Of course, the majority of us treat animals humanely, and we should expect the fur industry to do likewise; only weirdos torture cats, dogs or rabbits for kicks. But the animal libbers want more than humane treatment—they want animals to be treated as if they themselves were human, and argue that they deserve equal rights to human beings. They project human characteristics on to beasts, imagining they can smile and scream and perhaps say things like, "Run, Bambi, run!"

This childish attitude toward animals is no longer the preserve of radical vegans who shout abuse at J-Lo; it increasingly informs public debate on important matters of scientific endeavor and even liberty. A Working Party of the British Nuffield Council on Bioethics, a serious scientific body, said in a report on the ethics of animal research published in May that it rejected the idea of "categorical human superiority" over animals. Much of the opposition to fox hunting in the UK is motivated by a Disneyfied view of foxes, so that the practice of this sport, which is mostly the preserve of toffs but which was once described even by Friedrich Engels as "the most magnificent physical pleasure I know," is now severely restricted in England and Wales.
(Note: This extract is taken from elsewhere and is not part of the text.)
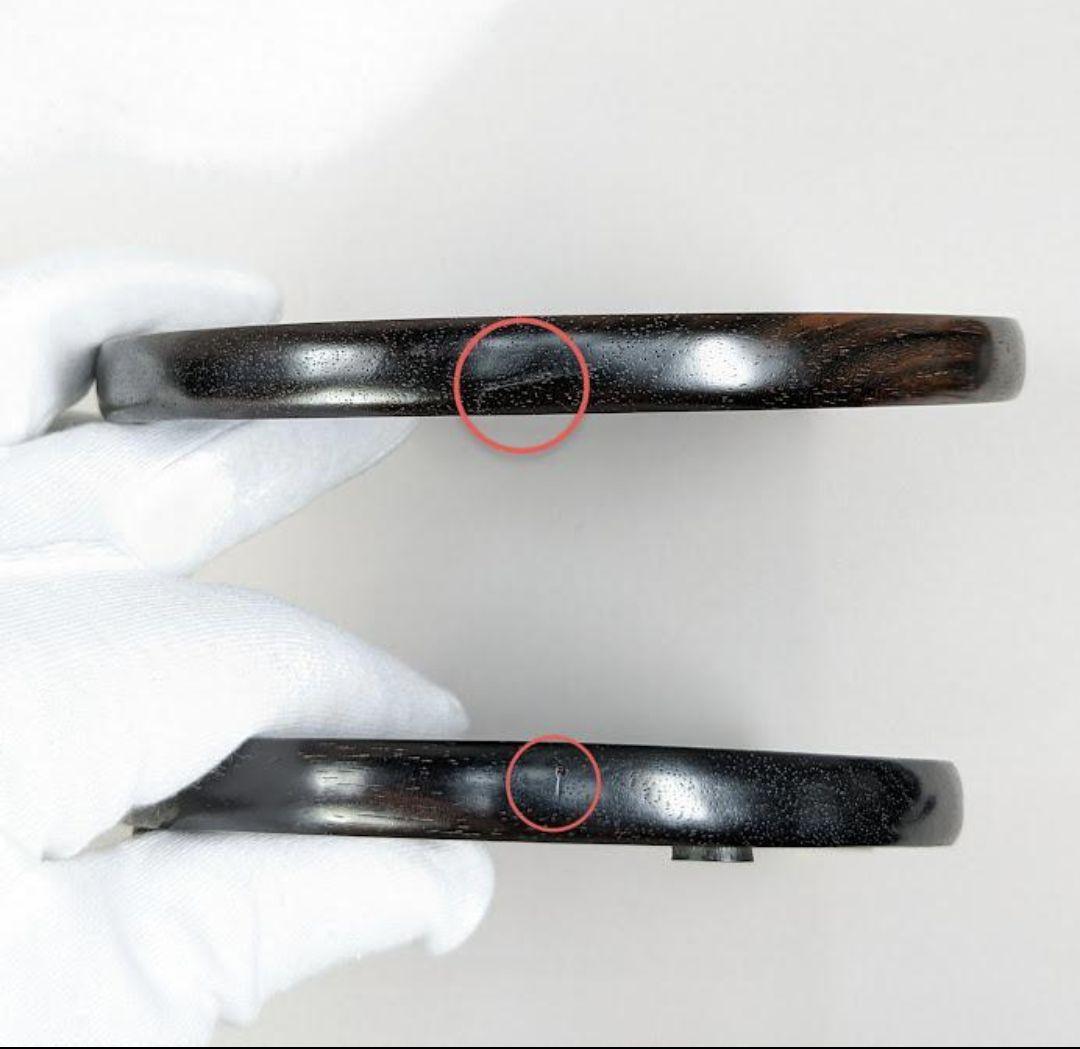 未使用　漆硯（しっけん）　蓋は古紫檀に拭き漆技法　盛絵漆　伝統美術工芸　題：春宴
The idea that we are morally superior to animals is not some pose; it is the foundation of human civilization. And the attack on that idea of superiority today, by the anti-fur movement, the anti-hunting lobby and anti-vivisectionists, and the distaste for it even at the highest levels of government and science, represents an attack on our civilization.

In such circumstances, we should defend even Lopez and Lizzie Jagger from the anti-fur lot, and point to the humanizing side of the fur industry. To turn an animal into a fur coat is to ennoble it. As a fashion item, an animal acquires a significance far beyond its own natural existence. Indeed, the only true "purpose" in the life of a mink or rabbit is that bestowed on it by the hunter, skinner and fur-maker: Through their efforts, an animal is elevated from an instinct-driven bundle of reflex responses to an item worthy of being displayed in Paris, London and New York. Through human endeavor and labor an animal is given a use and meaning nature could never have designed for it. What is a fox but a wild dog scrabbling for food on the forest floor, destined to die and rot in a dirthole? The fox worn by Jagger was spared this fate and made into something memorably beautiful.

No finer fate can befall an animal than to be caught by the fur-hunter. And if they "scream" it's only because they are too dumb to realise that.